Since the records include pictures, leave those out while you reproduce exactly and only the lines from the one containing "Porsche Taycan - 9" through the one containing "8445 SW 181st Ter, Palmetto Bay, FL 33157", inclusive.

_Data provided_:
= Beginning of Section =

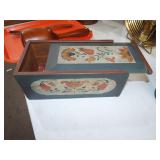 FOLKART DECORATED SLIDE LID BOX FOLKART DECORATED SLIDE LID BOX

= End of Section =
= Beginning of Section =

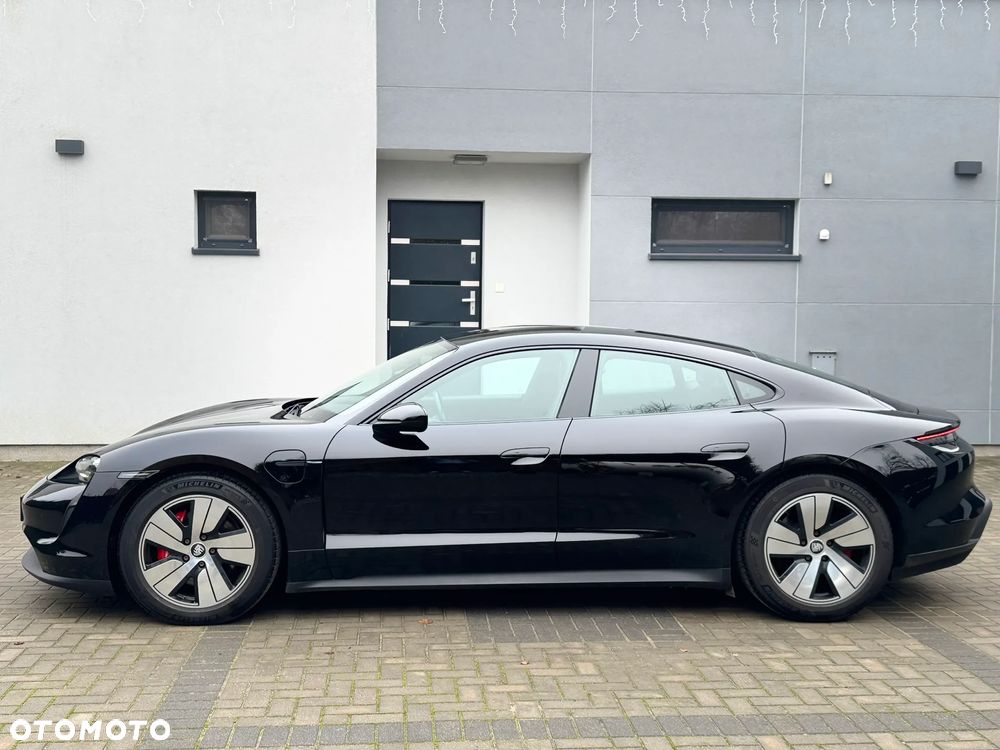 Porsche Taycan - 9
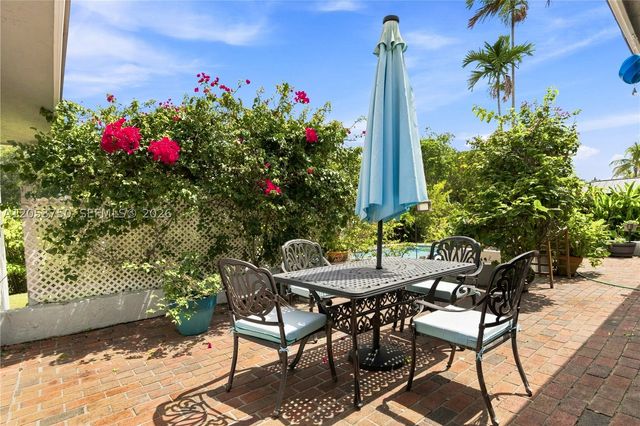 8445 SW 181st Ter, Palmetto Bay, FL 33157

= End of Section =

_Expected answer_:
 Porsche Taycan - 9
 8445 SW 181st Ter, Palmetto Bay, FL 33157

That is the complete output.